Docker is running a daemon with root privileges to start all containers. So if your start a container with "docker run -d ...." you talk to a privileged process. That in turn means, all spawned containers can have root privileges (docker run -v /etc/shadow ... to change the root password of your host). "rootless" actually means running a container process as a normal user. (less attack surface because of less permissions). So if you would run "podman -v /etc/shadow" as a normal user, you wouldn't have the permissions needed to open the file.
As simple as possible:
Docker ("normally"):
run every command inside container with full root permissions on host
$root-> Docker -> container
Docker/Podman ("rootless"):
run every command as the current user
$user-> container
The other big piece is capabilities (specifically CAP_SYS_ADMIN) which as I understand it is related but kind of orthogonal to the question of root/rootless.
For example, buildah (the container-building part of podman) is daemonless and can use the fuse-overlayfs storage driver to build containers rootlessly— you appear as root inside the container, but from the outside, those processes and any files created are owned by the original invoking user or some shim UID/GID based on a mapping table.
But critically, this doesn't mean it's possible to just run buildah inside any Kubernetes pod and build a container there, because buildah needs to be able to start a user namespace, and must have the /dev/fuse device mapped in. I believe there continues to be ongoing work in this area (for example Linux 5.11 allows overlayfs in unprivileged containers), but the issue tracking [1] it is closed without really being IMO fully resolved, since the linked article [2] from July 2021 is still describing the different scenarios as distinct special cases that each require their own special sets of flags/settings/mounts/whatever.

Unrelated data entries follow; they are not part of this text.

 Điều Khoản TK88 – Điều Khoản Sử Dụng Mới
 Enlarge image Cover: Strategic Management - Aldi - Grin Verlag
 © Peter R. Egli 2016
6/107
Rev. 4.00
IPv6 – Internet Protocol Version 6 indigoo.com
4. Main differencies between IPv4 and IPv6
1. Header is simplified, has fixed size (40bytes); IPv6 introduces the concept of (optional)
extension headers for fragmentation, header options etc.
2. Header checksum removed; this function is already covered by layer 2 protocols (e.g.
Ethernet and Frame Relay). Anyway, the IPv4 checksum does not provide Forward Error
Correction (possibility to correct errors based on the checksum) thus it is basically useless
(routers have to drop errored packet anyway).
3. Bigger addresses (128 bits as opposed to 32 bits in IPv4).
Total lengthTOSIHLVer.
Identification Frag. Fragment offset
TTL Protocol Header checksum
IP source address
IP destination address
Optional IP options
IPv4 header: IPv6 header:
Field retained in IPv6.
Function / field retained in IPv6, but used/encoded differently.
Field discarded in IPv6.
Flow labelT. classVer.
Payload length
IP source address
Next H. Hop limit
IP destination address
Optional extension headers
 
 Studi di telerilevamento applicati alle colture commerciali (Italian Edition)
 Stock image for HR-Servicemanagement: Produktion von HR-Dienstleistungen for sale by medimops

Yup, and based on that mapping table the process inside the container is not allowed to create another namespace and/or fuse-overlayfs. That's why you need to mount /dev/fuse into the container (you might also need cap_sys_admin and cap_mknod). There is another link from RedHat which also explains it:
well, building stuff with flatpak is not THAT intuitive. no package format before docker was from my point of view. on the other side, packaging also cleans up and docker-insides often are not cleaned up :D
depends on your use case. I wanted a way of removing network access for my text editors and starting ephermal firefox instances that are completely independent from each other. Its just an easier way to hack around an application tbh.

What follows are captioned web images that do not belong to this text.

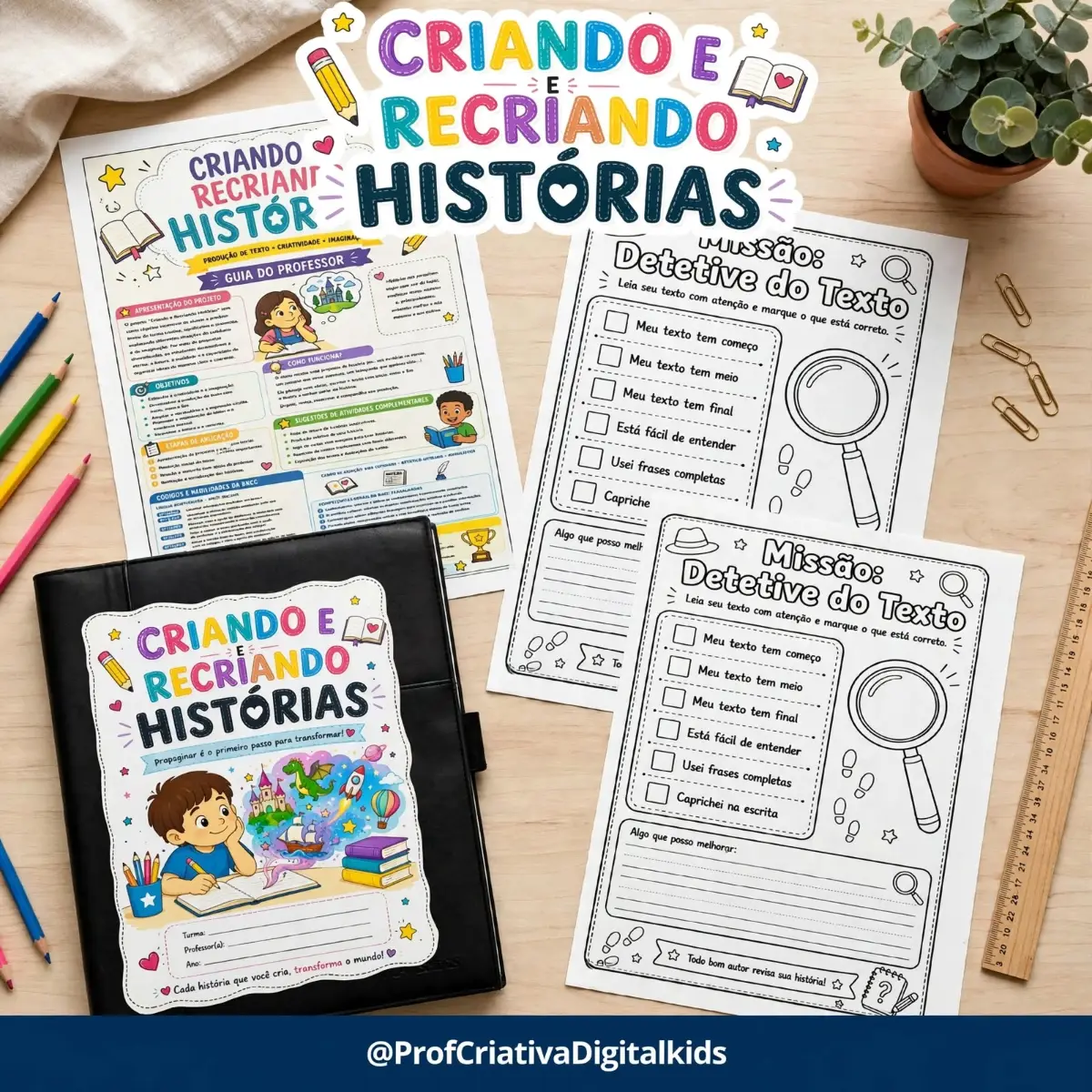 Projeto Criando e Recriando Histórias - Português 3° ano — Português para 3º ano: Com o projeto Criando e Recriando…
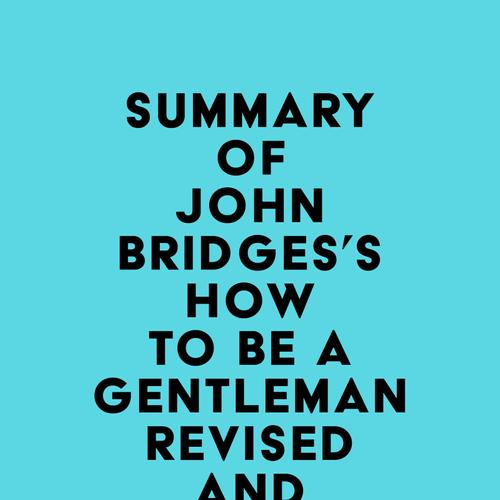 Summary of John Bridges's How to Be a Gentleman Revised and Expanded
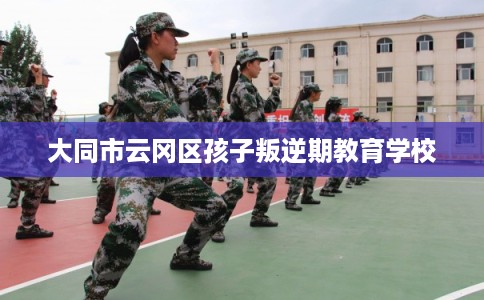 大同市云冈区孩子叛逆期教育学校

I am actually running a few of my daily applications, such as firefox, vscode, or spotify inside a podman container (rootless makes me feel a little safer). I build a small python script around it, which creates a desktop icon, tags the current version (so you can rollback), and updates the images after x amount of time. I'll clean it up and put it on github if someone is interested :)
i think they use bwrap as mentioned in a comment below.
my use case is to restrict network access for example. Or running multiple firefox instances in parallel (so they dont have the same parent process / cookies etc.). or restrict memory for to 2G per container. there were just a few things i wanted to do that didn't quiet work with flatpak or snap.
I will! cleaning up now and going to publish it later on github. The main idea was a least privilege approach to running simple desktop applications independent from the host OS and being able to control filesystem/network access on a per app basis. (spotify on fedora without flatpak or rpm-fusion repo's, not even sudo needed to install)
No real need for full Flatpak, Bubblewrap (bwrap) is intended to be a lightweight sandbox providing this out of the box, with Flatpak (and other stuff besides) building upon it. The Arch wiki has a nice introductory page: https://wiki.archlinux.org/title/Bubblewrap
Oh didn't know about bwrap yet! If i understand the wiki page correctly, you still need to get those binaries to your pc. So thats why i went with plain and simple dockerfiles.
that's probably what happened, i reached out to github and hope to get it changed.
It just left me at unease. The mighty Linus involved in an organization that redirects to a crypto scam? Can't be!
%wheel ALL=(ALL) NOPASSWD: ALL
effectively disabling sudo completely.